Domain-Specific Accelerators

A Dataflow architecture design (AI Processor)

Summary:

A scalable deep-learning accelerator supporting the training process is implemented for device personalization of deep convolutional neural networks (CNNs). It consists of three processor cores operating with distinct energy-efficient dataflow for different types of computation in CNN training. A disparate dataflow architecture is implemented for the weight gradient computation to enhance PE utilization while maximally reuse the input data.

Reference:

Seungkyu Choi, Jaehyeong Sim, Myeonggu Kang, Yeongjae Choi, Hyeonuk Kim, and Lee-Sup Kim, "An Energy-Efficient Deep Convolutional Neural Network Training Accelerator for In Situ Personalization on Smart Devices," IEEE Journal of Solid-State Circuits, Oct. 2020.

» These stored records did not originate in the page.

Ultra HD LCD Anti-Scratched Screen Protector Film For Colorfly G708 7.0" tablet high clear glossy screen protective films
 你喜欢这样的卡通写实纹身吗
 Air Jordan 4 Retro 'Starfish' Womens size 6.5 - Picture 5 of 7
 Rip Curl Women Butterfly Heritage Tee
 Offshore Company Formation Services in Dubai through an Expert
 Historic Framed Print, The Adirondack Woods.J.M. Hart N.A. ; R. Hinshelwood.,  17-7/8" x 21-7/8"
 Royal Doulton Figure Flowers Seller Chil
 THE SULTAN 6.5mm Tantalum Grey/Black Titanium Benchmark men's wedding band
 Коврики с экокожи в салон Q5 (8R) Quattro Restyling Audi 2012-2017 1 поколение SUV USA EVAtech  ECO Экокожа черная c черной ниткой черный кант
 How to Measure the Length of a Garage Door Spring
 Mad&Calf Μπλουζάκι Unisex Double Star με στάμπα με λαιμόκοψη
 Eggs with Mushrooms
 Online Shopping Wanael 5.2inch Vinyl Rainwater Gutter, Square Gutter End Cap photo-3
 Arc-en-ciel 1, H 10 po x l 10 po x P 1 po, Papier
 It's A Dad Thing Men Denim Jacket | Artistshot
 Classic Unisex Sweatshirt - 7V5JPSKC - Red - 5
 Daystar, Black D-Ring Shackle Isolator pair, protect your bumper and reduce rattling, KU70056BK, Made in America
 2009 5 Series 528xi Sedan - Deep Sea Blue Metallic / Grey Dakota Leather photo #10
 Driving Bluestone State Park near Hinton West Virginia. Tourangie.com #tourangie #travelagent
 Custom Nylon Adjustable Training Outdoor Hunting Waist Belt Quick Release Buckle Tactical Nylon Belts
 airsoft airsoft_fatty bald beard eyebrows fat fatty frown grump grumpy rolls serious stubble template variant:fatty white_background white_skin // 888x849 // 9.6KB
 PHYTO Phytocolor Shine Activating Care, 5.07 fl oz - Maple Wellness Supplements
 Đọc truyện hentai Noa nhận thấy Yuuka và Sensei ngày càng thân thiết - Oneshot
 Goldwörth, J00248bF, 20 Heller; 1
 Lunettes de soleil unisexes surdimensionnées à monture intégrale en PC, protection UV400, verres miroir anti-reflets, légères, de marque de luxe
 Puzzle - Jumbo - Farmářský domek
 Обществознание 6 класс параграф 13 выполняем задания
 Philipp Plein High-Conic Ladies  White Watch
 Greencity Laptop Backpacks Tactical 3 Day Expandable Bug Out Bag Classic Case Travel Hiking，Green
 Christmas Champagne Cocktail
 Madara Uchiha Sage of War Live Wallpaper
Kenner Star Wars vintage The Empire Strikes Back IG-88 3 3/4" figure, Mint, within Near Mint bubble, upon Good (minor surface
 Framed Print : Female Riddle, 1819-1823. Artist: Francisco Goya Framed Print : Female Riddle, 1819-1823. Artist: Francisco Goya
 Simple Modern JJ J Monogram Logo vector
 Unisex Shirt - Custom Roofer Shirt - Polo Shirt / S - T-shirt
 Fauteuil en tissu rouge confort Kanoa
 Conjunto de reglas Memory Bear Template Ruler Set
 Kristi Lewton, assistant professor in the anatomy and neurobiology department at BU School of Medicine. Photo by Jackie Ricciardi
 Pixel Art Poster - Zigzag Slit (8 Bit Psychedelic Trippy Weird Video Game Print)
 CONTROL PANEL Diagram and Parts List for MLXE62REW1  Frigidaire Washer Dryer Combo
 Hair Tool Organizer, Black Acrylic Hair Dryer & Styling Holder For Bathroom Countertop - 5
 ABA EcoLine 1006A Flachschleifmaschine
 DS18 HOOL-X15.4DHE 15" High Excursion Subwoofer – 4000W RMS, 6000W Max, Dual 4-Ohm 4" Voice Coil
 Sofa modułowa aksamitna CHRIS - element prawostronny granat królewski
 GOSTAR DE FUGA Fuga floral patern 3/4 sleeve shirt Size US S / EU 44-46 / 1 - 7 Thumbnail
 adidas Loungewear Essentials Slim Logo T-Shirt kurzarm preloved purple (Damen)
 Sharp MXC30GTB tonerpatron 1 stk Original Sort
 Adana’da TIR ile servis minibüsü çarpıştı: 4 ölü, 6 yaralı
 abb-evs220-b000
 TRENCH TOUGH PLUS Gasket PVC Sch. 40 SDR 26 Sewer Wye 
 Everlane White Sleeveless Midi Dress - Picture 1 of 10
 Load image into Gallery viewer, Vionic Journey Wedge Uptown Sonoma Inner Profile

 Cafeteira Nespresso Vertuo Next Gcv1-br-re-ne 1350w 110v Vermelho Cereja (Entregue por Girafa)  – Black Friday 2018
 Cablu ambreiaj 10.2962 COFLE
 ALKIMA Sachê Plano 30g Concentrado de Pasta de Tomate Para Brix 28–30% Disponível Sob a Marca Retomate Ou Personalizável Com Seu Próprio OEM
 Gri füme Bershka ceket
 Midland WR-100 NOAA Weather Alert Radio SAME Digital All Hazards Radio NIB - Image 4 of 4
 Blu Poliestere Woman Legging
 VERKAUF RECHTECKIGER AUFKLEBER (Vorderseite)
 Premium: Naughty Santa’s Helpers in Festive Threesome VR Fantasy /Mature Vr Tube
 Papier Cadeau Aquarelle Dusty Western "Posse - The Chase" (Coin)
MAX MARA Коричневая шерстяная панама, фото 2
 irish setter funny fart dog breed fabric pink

Mixed-precision Processing units

Summary:

From two perspectives: 1) separate precision decision for each input data, 2) maintenance of high performance on inference, we configure the data with low-bit fixed-point of activation/weight and floating-point based error gradient securing up to half-precision. A novel MAC architecture is designed to compute low- and high-precision modes for the different input combinations. By substituting a high-cost floating-point based addition to brick-level separate accumulations, we realize both area-efficient architecture and high throughput for low-precision computation.

Reference:

Seungkyu Choi, Jaekang Shin, and Lee-Sup Kim, "A Deep Neural Network Training Architecture with Inference-aware Heterogeneous Data-type," IEEE Transactions on Computers, May 2022.

sparsity-aware PE architecture

Summary:

- Multi-window dataflow architecture for selective weight update

- Redundancy Censoring Unit (RCU)-based PE architecture

Reference:

- Jaekang Shin, Seungkyu Choi, Yeongjae Choi, and Lee-Sup Kim, "A Pragmatic Approach to On-device Incremental Learning System with Selective Weight Updates," ACM/IEEE Design Automation Conference (DAC), 2020.

- Kangkyu Park, Seungkyu Choi, Yeongjae Choi, and Lee-Sup Kim, "Rare Computing: Removing Redundant Multiplications from Sparse and Repetitive Data in Deep Neural Networks," IEEE Transactions on Computers, Apr. 2022.

High-performance DSP engine Implementation

Summary:

- A configurable baseband processing architecture that efficiently handles parallel sample streams targeting ultra-wide bandwidth inter-satellite optical communications for the target data rates exceeding 100 Gbps

- A parallelogram-style systolic accelerator, specifically designed for parallel processing for correlation kernels

Reference:

- Seungkyu Choi, Huanshihong Deng, Kuan-Yu Chen, Yufan Yue, David Blaauw, and Hun-Seok Kim, "ParaBase: A Configurable Parallel Baseband Processor for Ultra-High-Speed Inter-Satellite Optical Communications," ACM/IEEE International Symposium on Low Power Electronics and Design (ISLPED), 2024.